# Historical volatility from close prices (Haug pg 166)

I have implemented a function for calculating historical volatility using close the close method as described by Haug on page 166.

When I implemented the formula given by Haug, it resulted in some negative values for the variance. The data I am using is not suspect, so the fault must lie in either:

• my implementation or
• the formula itself.

Here is a rough sketch of my implementation function (in Python)

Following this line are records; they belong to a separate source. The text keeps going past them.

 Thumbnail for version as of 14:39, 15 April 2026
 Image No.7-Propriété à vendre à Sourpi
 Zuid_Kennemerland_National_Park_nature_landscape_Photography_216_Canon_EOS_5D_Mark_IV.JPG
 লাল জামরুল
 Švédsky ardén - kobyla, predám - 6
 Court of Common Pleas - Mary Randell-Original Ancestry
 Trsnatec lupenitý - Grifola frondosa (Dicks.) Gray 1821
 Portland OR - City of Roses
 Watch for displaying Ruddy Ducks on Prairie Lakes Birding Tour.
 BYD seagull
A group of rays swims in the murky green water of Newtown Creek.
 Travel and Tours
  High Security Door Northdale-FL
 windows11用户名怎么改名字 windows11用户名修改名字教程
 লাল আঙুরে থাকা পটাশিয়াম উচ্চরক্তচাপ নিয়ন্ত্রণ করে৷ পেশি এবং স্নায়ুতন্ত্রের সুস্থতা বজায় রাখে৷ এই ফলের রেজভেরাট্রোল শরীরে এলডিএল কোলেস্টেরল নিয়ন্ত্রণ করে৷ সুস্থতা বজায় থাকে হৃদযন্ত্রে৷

# close_prices is a time sorted list of pricedata objects
# returns a list of calculated volatilities
def calc_volatility(close_prices, period):
startpos, stoppos, raw_vols = (0, period, [])
while True:
subset = close_prices[startpos:stoppos+1]
period_returns      = [ subset[i].close_price/subset[i-1].close_price for i in range(1,len(subset)) ]
log_returns         = [ math.log(x) for x in period_returns ]
log_squared_returns = [ math.log(pow(x,2)) for x in period_returns ]

sum_squares_1 = sum( log_squared_returns ) / (period-1)
sum_squares_2 = pow( sum( log_returns ), 2) / (period * (period -1))

variance = sum_squares_1 - sum_squares_2
print "ss1: {0} - ss2: {1}. Variance: {2}".format(sum_squares_1, sum_squares_2, variance)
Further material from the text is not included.